### Aim of the exercise
Look through the material below and say how many of its lines carry the string "fridge". Only the number should be given.

### Source material
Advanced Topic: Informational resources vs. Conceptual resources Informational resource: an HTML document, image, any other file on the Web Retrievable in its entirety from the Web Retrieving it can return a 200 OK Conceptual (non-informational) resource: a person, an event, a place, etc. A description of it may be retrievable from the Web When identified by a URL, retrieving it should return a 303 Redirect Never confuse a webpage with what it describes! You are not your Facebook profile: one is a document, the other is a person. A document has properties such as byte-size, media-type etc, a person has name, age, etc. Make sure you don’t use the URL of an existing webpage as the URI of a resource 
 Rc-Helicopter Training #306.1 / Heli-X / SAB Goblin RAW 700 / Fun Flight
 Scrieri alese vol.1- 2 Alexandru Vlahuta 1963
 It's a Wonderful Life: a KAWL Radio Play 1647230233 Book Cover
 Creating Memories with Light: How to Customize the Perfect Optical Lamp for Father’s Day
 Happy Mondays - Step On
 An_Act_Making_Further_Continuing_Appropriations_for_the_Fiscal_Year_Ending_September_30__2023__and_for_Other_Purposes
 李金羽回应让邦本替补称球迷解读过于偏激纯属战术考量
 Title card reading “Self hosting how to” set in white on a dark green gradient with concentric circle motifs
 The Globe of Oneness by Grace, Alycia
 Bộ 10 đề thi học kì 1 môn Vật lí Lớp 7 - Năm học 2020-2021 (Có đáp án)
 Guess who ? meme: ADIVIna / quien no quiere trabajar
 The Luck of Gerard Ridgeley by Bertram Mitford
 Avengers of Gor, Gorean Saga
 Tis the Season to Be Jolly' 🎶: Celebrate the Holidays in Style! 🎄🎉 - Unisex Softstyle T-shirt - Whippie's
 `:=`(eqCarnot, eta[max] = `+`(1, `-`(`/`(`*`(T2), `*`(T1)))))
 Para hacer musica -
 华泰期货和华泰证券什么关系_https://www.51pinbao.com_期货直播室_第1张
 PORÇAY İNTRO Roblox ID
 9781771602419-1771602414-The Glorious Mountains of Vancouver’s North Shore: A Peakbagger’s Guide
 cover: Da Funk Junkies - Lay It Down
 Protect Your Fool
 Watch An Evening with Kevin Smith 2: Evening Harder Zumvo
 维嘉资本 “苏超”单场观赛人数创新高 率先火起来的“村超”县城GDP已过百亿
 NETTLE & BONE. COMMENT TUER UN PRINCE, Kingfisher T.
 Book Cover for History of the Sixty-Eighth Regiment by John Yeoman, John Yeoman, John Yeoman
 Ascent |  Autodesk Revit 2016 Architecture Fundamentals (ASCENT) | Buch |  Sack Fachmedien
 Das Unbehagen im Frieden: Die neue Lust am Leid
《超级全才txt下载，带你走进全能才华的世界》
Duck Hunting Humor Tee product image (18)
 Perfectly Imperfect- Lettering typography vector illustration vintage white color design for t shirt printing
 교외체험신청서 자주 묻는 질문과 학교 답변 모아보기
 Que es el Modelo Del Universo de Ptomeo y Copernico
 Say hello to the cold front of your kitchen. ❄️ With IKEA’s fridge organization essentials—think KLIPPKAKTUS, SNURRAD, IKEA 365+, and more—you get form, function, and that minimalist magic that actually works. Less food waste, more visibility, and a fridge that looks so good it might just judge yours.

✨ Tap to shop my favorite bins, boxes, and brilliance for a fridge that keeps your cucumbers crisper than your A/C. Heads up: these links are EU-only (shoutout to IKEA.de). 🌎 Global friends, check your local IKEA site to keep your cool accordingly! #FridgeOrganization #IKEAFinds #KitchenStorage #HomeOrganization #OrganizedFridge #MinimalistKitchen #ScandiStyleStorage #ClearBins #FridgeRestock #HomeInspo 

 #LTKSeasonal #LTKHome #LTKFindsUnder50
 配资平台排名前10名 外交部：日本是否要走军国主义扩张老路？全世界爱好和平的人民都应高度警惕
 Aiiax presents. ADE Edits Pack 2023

### Response to the task
2